In an interview of Andrew F. Puzder, CEO of CKE Restaurants, who wrote an excellent Op Ed last week on what the Obama administration is doing wrong (and failing to do at all) to enable business to grow in the U.S.,  CNBC co-anchor Joe Kiernen went off the rails.  The title of Puzder’s piece is Here’s what Obama still doesn’t get; from that comes the title for this brief rant with the president’s name replaced by Kiernen’s.

kiernen-puzder-380x200
Joe Kiernen (left) and Andrew F. Puzder

In his Op Ed Puzder criticized the president for saying that his administration had “managed the economy pretty well …” and Puzder went on to add that the president’s blind spot was that he (the president) did not recognize that “politicians in Washington don’t create jobs or economic growth“.  One can disagree with how Puzder develops his conclusions but his discussion of the employment issues the U.S. faces are generally based on facts.  A discussion of how he reached his conclusions is a worthwhile topic but that is not our purpose here.

In the interview (see video below) Joe Kiernen tries to integrate his own “facts” and opinions with those of Mr.
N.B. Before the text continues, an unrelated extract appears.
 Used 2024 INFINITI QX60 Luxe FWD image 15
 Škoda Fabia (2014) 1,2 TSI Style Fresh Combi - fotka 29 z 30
Puxder.  Kiernen makes the following statements :

“Employment generated in the private sector, the payrolls that come from those employees, its those taxes that go to pay for government employees and paying for everything that government does, right?“

“… that the government makes the infrastructure and gives them the opportunity to succeed here, that’s not the way it works.”
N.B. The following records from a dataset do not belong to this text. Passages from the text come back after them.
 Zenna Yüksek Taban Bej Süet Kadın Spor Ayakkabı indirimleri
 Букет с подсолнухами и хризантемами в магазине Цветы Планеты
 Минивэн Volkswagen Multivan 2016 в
“The private sector allows for the government’s existence.”

Watch the video to hear the excerpts above in context:

Joe Kiernen is stating his opinions as if they were fact.  True, they are basic assumptions of a particular ideology.  But the problem with ideology, Kiernen’s or anybody else’s, is that assumptions, once originated, often become facts in the minds of the believers.

Let me me offer some facts that are not opinions for each of Kiernen’s statements:

Government spending is not limited by the taxes collected and on the few occasions in U.S. history when sufficient taxes have been collected to cover all government expenditures severe economic dislocations have followed within a few years.  Coincidence?  Perhaps although a number of economic theorists have argued cause and effect.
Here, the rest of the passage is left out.